Exercise description: Take the lines below beginning at the line that has "dress/romper - Picture 1 of 4" and stopping after the line that has "2022 - Cadillac Escalade Sport Platinum-14", and print them exactly as they are, with no other lines.

Provided data:
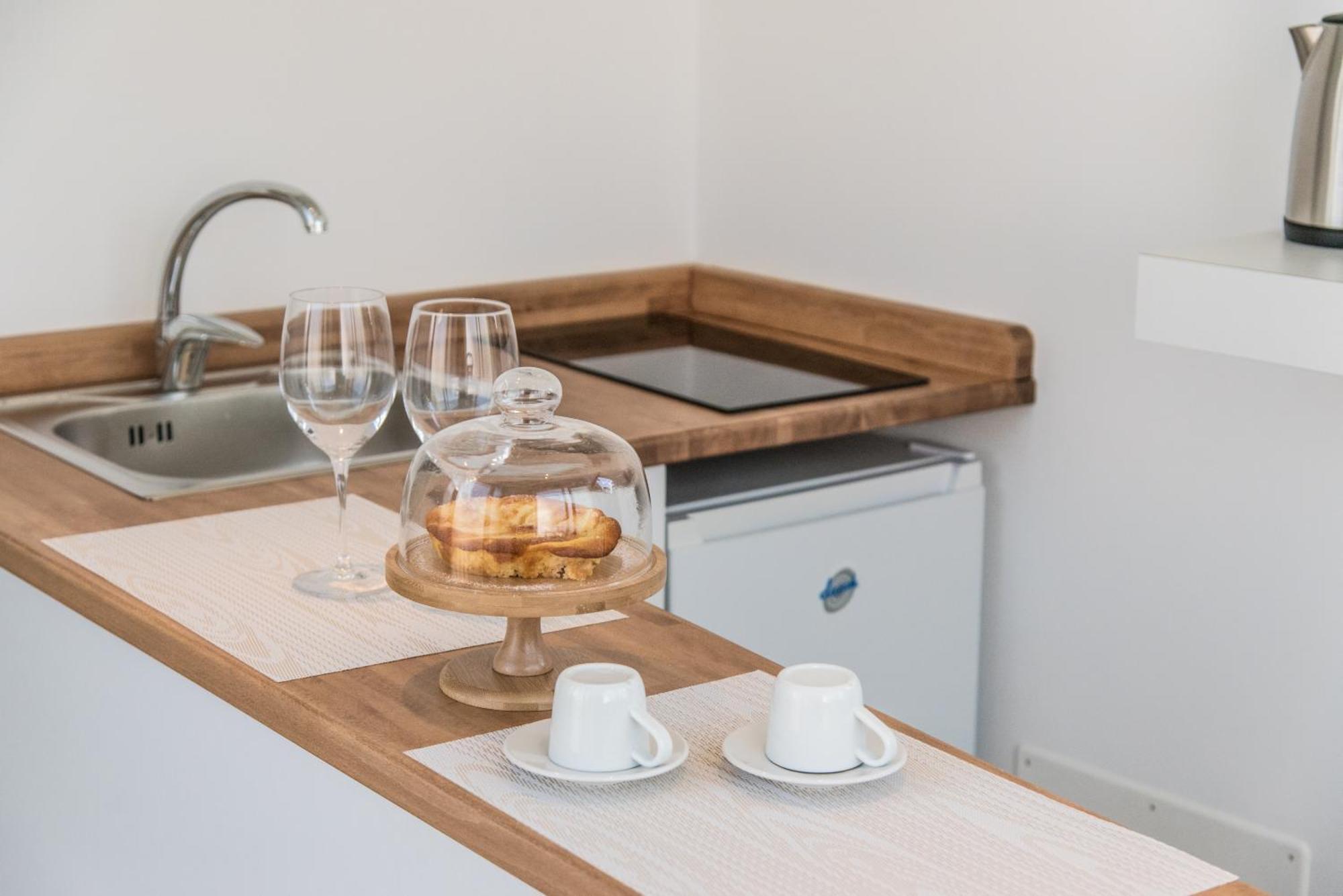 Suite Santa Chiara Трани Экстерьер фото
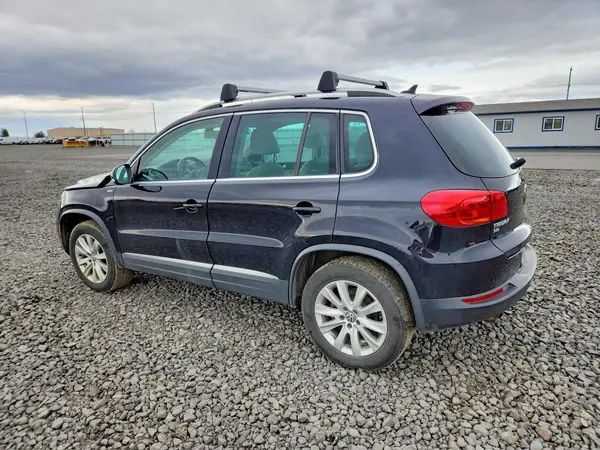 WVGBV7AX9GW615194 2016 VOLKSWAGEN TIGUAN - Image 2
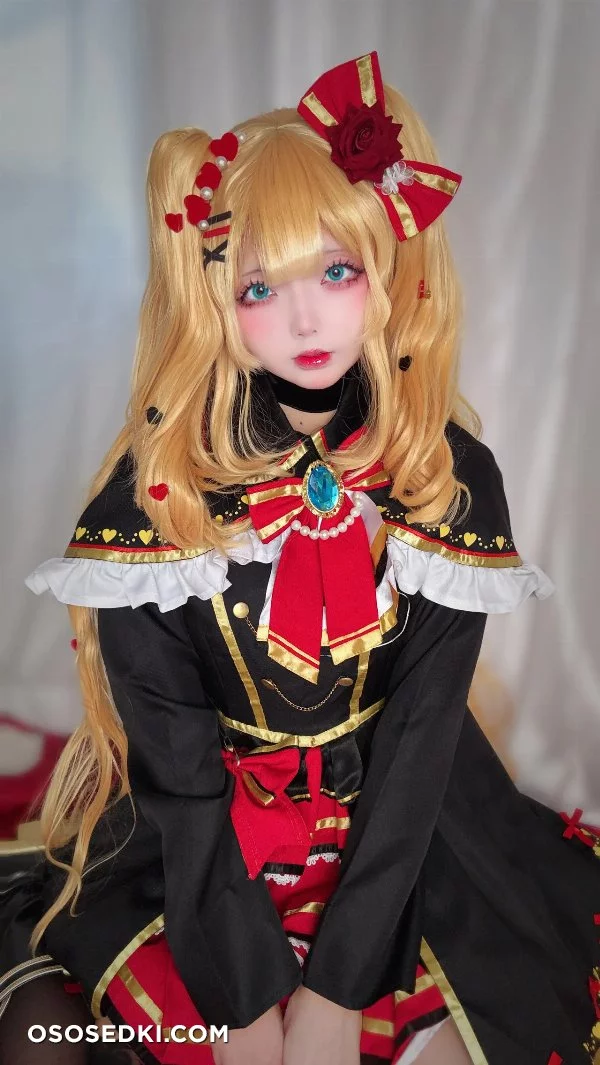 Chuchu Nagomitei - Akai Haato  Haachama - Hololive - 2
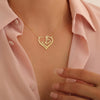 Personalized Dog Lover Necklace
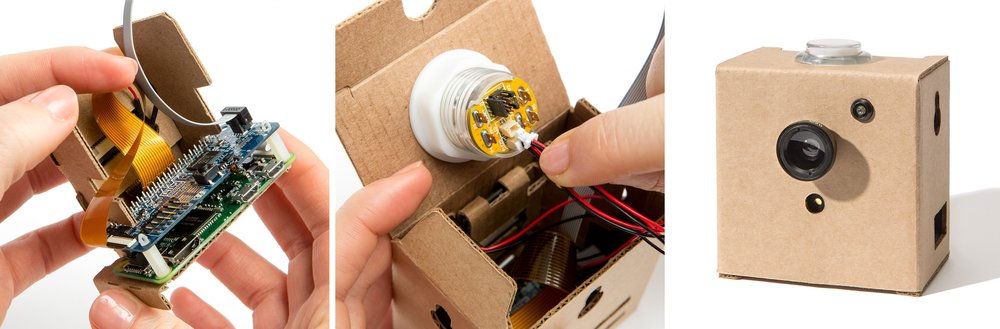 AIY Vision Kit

* * *

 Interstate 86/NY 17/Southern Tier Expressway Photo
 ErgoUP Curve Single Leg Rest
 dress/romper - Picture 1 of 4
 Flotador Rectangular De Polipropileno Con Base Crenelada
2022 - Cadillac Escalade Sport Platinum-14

...

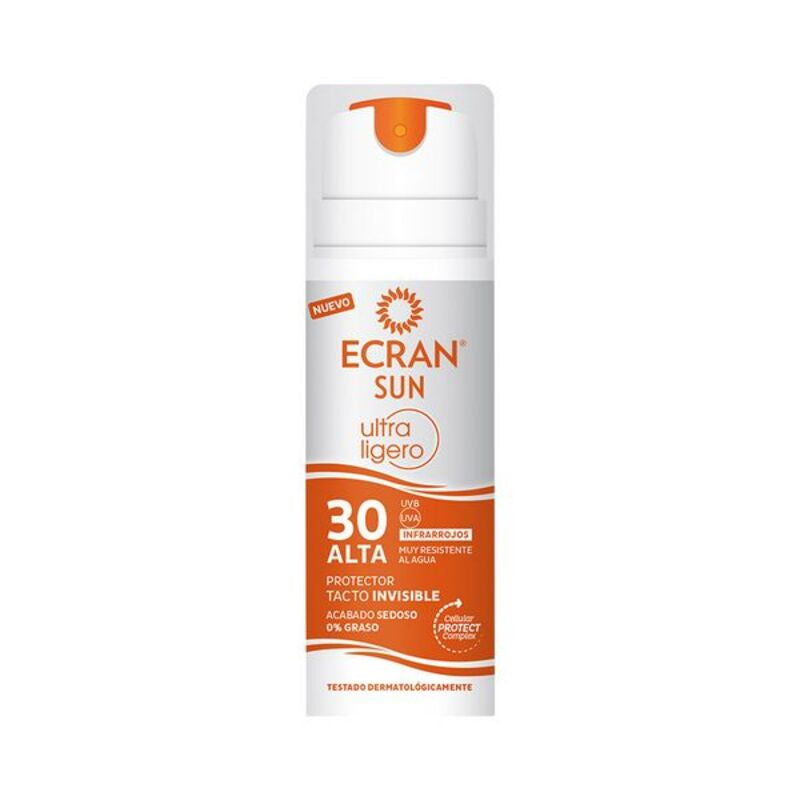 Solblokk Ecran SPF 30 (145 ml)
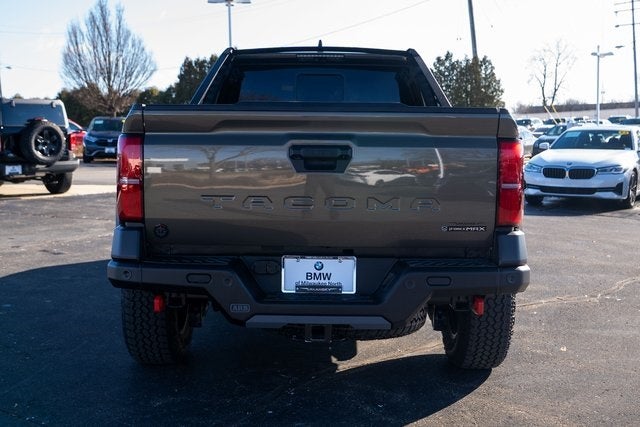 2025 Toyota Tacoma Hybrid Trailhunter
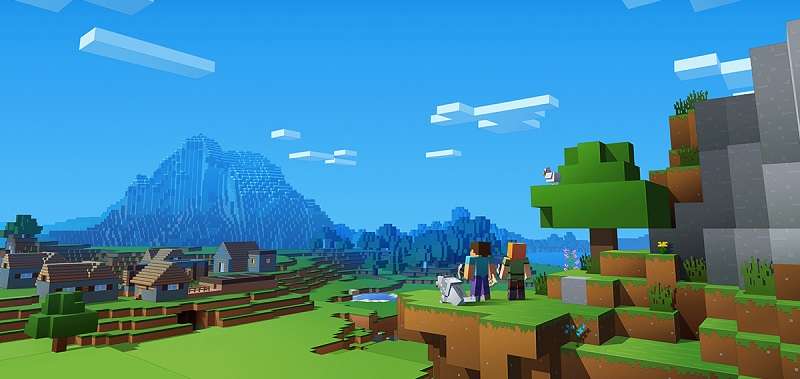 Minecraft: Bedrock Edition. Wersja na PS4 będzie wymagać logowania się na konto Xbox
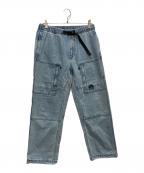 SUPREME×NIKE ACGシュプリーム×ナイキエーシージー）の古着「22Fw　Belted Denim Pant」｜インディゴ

Expected output:
 dress/romper - Picture 1 of 4
 Flotador Rectangular De Polipropileno Con Base Crenelada
2022 - Cadillac Escalade Sport Platinum-14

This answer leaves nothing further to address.